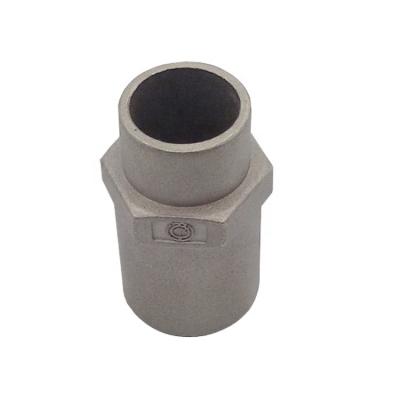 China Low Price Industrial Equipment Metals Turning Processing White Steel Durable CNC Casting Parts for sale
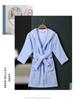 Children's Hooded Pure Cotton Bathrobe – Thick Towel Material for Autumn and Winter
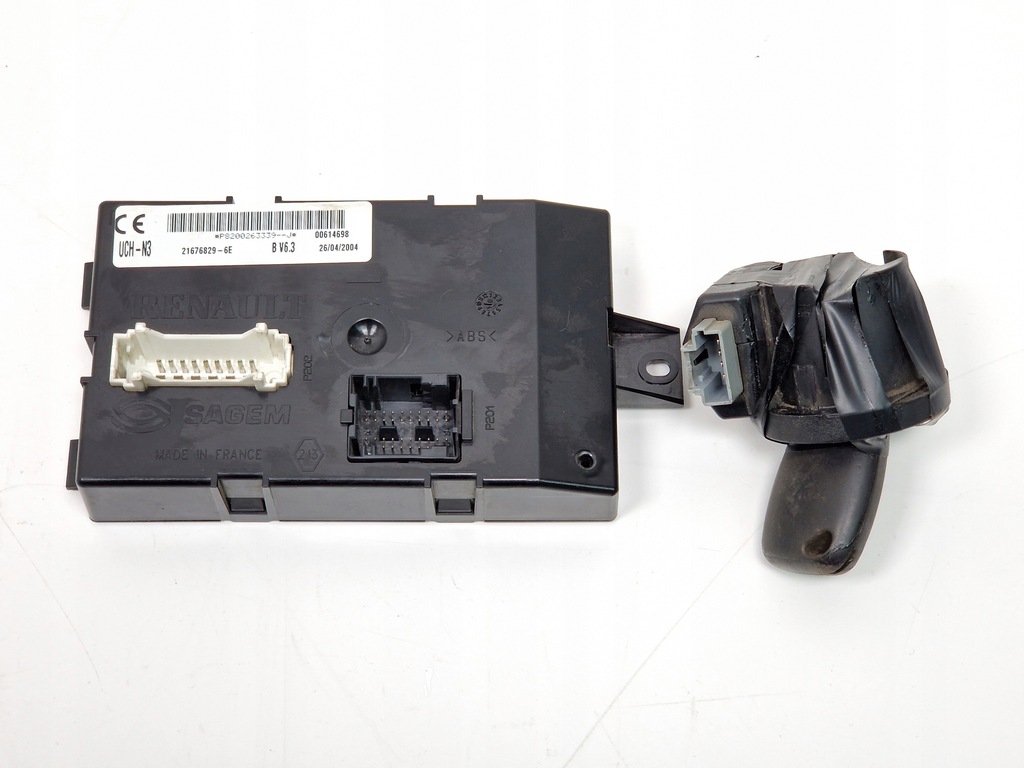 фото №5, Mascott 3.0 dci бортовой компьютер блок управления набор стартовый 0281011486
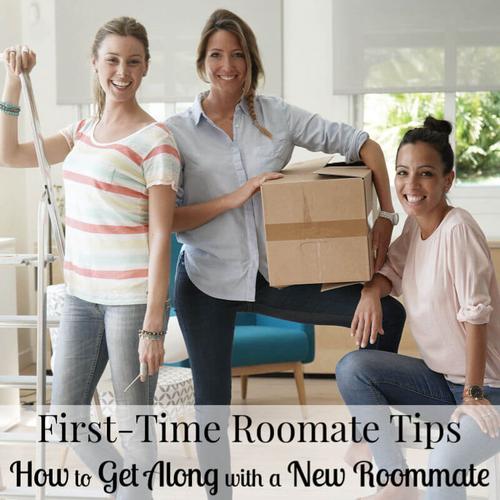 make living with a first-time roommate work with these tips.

HOW TO COMPLETE THIS TASK |
When repeating the listing, keep each line exact and exclude the pictures.

EXERCISE OUTPUT |
 China Low Price Industrial Equipment Metals Turning Processing White Steel Durable CNC Casting Parts for sale
 Children's Hooded Pure Cotton Bathrobe – Thick Towel Material for Autumn and Winter
 фото №5, Mascott 3.0 dci бортовой компьютер блок управления набор стартовый 0281011486
 make living with a first-time roommate work with these tips.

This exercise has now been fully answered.